7. The director of nursing (DON) and chief executive officer (CEO) verified that all ED patient records (#1 through 22) contained the inpatient admission data within the outpatient ED record.
Tag No.: C0336
Based on record review and interviews with hospital staff, the hospital does not ensure the hospital has an effective facility wide quality assurance (QA) program that includes all services provided under contract; The quality assurance meeting minutes for 2013 and 2014 provided for review did not have review of services provided to the CAH under contract.
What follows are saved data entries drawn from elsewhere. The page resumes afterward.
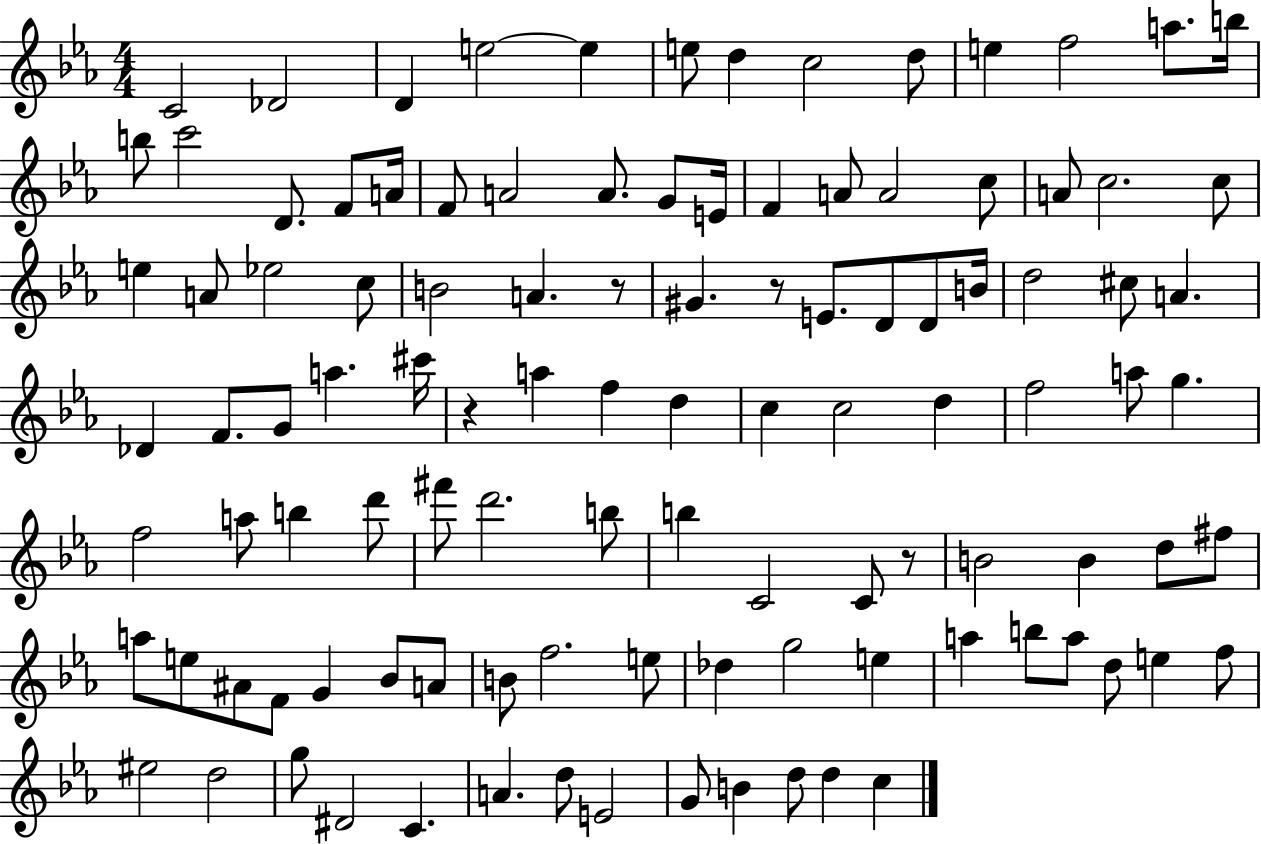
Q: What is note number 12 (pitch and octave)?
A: A5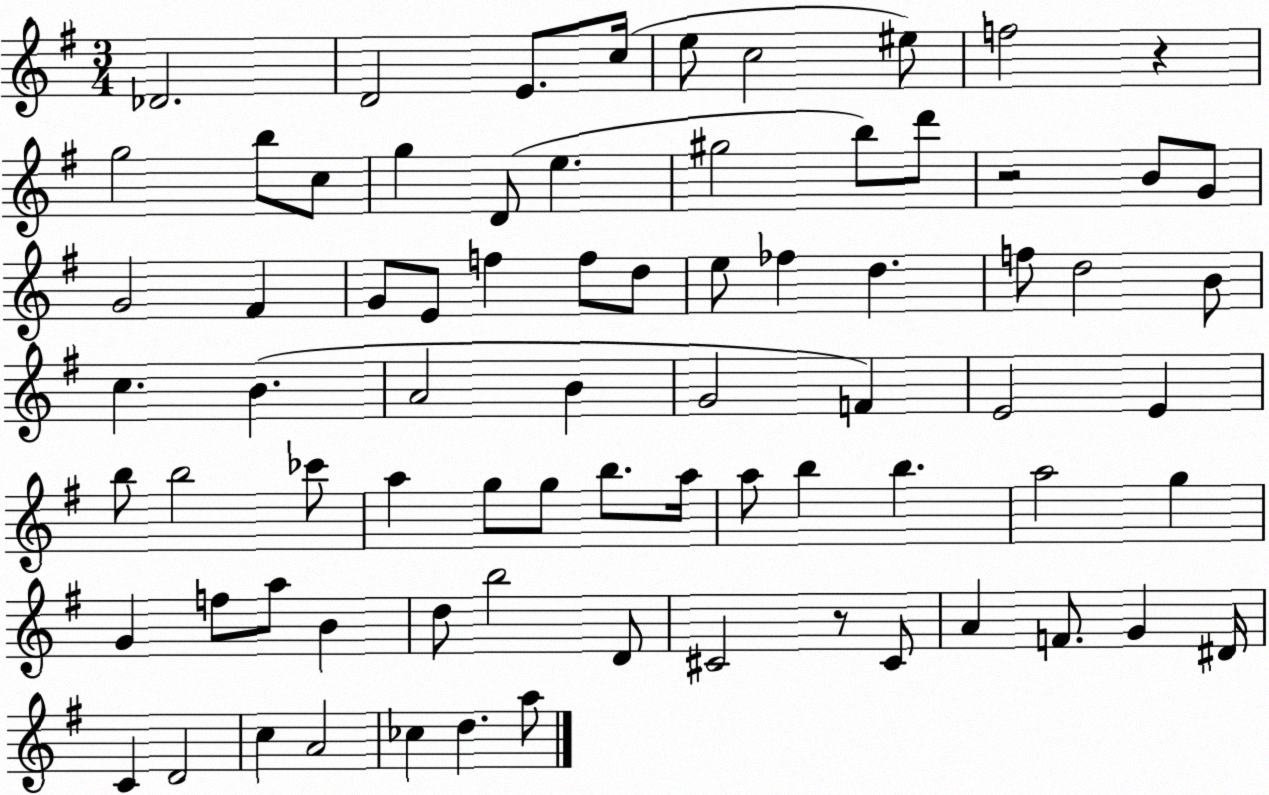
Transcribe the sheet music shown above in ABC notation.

X:1
T:Untitled
M:3/4
L:1/4
K:G
_D2 D2 E/2 c/4 e/2 c2 ^e/2 f2 z g2 b/2 c/2 g D/2 e ^g2 b/2 d'/2 z2 B/2 G/2 G2 ^F G/2 E/2 f f/2 d/2 e/2 _f d f/2 d2 B/2 c B A2 B G2 F E2 E b/2 b2 _c'/2 a g/2 g/2 b/2 a/4 a/2 b b a2 g G f/2 a/2 B d/2 b2 D/2 ^C2 z/2 ^C/2 A F/2 G ^D/4 C D2 c A2 _c d a/2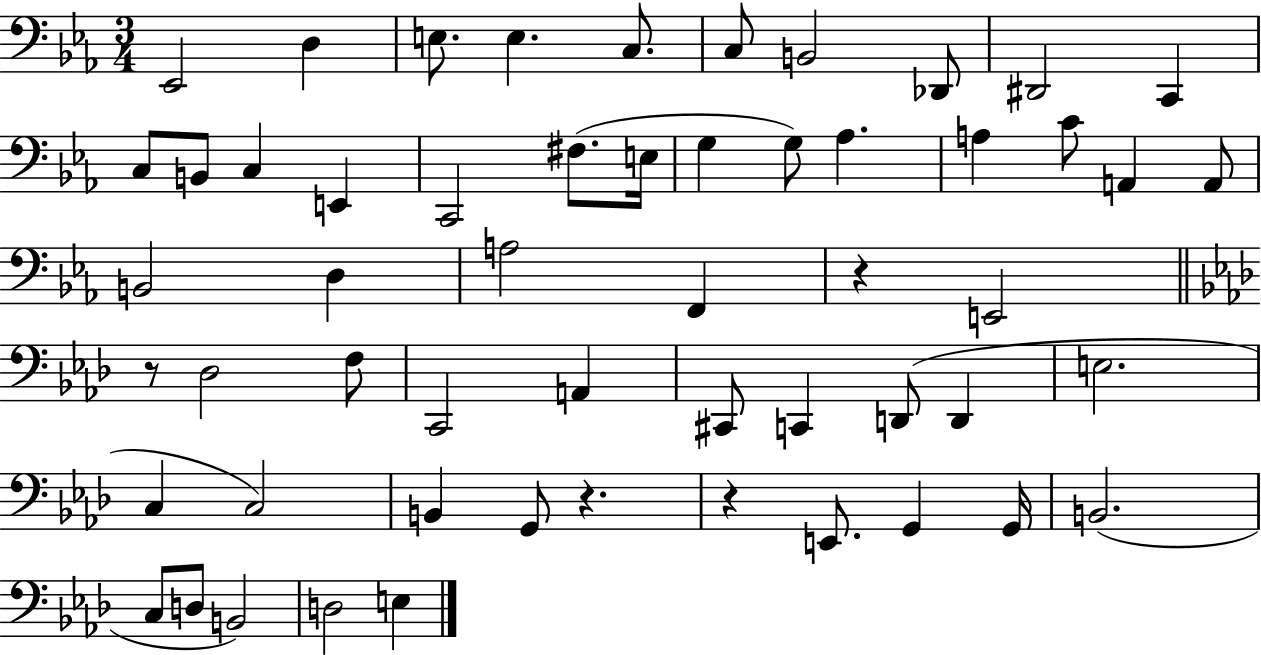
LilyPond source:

{
  \clef bass
  \numericTimeSignature
  \time 3/4
  \key ees \major
  ees,2 d4 | e8. e4. c8. | c8 b,2 des,8 | dis,2 c,4 | \break c8 b,8 c4 e,4 | c,2 fis8.( e16 | g4 g8) aes4. | a4 c'8 a,4 a,8 | \break b,2 d4 | a2 f,4 | r4 e,2 | \bar "||" \break \key aes \major r8 des2 f8 | c,2 a,4 | cis,8 c,4 d,8( d,4 | e2. | \break c4 c2) | b,4 g,8 r4. | r4 e,8. g,4 g,16 | b,2.( | \break c8 d8 b,2) | d2 e4 | \bar "|."
}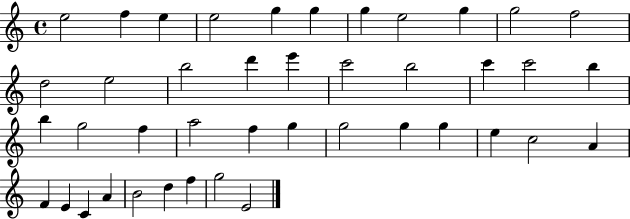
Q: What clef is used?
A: treble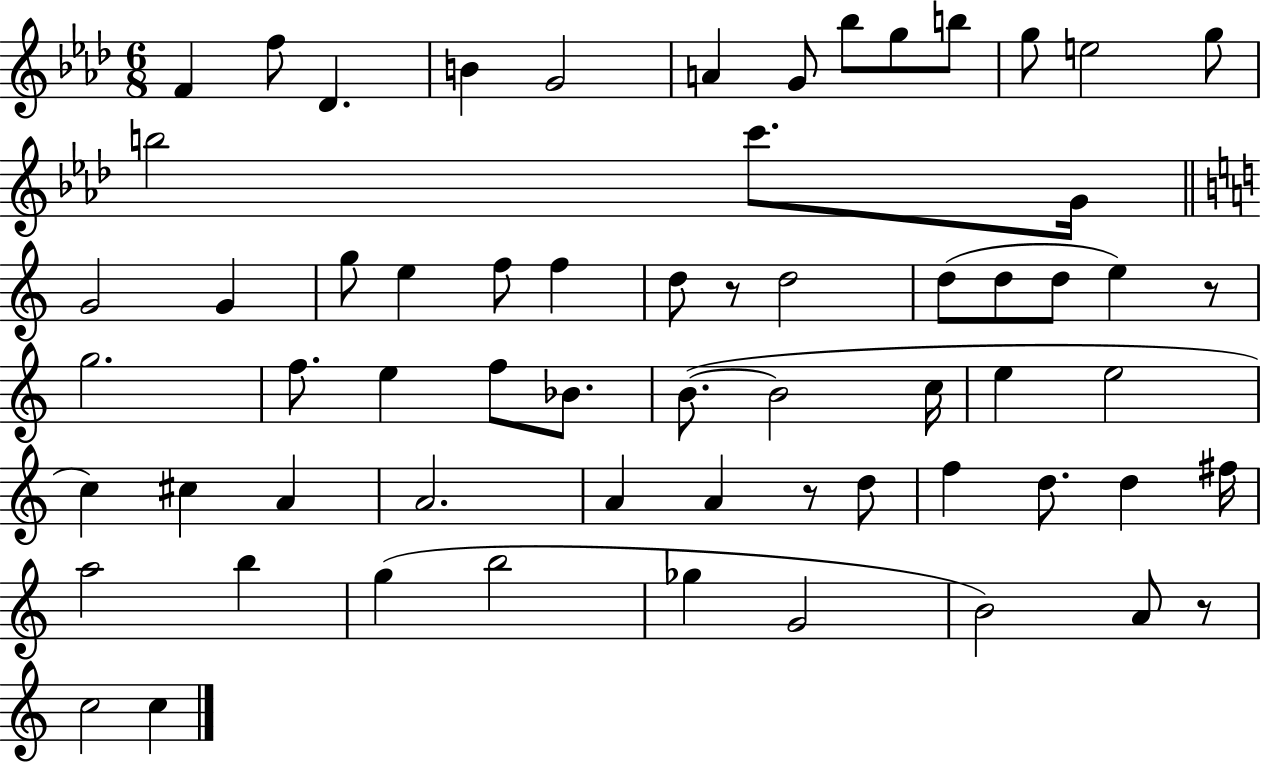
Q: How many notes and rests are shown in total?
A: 63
These findings were verified with hospital staff.
Tag No.: C0361
Based on hospital document review and staff interview, the Critical Access Hospital (CAH) failed to provide swing bed residents with all rights, rules and regulations governing resident conduct and responsibilities during their stay in the facility.
Findings:
1. On the afternoon of 07/16/2014, administrative staff were asked to provide the surveyors with swing bed resident's rights and responsibilities. A document, titled, "Notice of Privacy Practices" was provided.
2. The "Notice of Privacy Practices" did not contain information of resident rights and responsibilities. Staff B told surveyors this was the resident rights that were given to swing bed patients upon admission to swing bed.
Tag No.: C0363
Based on hospital document review and staff interview, the Critical Access Hospital (CAH) failed to:
a. inform each resident entitled to Medicaid benefits, in writing the items and services that are included in nursing facility services for which the resident may not be charged.
b. provide the resident of other items and services for which the resident may be charged.
Findings:
1. On the afternoon of 07/16/2014, administrative staff were asked to provide the surveyors with swing bed resident's rights and responsibilities. A document, titled, "Notice of Privacy Practices" was provided.
2. The "Notice of Privacy Practices" did not contain information of items and service that the resident may or may not be charged for.
Tag No.: C0400
Based on medical record review and staff interview, the Critical Access Hospital (CAH) failed to ensure each resident was given a comprehensive nutritional assessment to ensure the resident maintains acceptable parameters of nutritional status, such as body weight and protein levels. This occurred in 2 of 2 swing bed medical records (#3 & #6)
Findings:
1. On the afternoon of 07/17/2014, surveyors reviewed 2 swing bed medical records (#3 & #6). Both swing bed records contained no documentation of a nutritional screen from the dietician.
2. Patient #6's medical record documented, "weight loss and appetite changes"
3. Patient #3 had a diagnosis of pneumonia.
4. Staff BB told surveyors that she had discussed nutritional screening on the phone with the dietician and the dietician told staff BB that she had only ever performed one nutritional screen.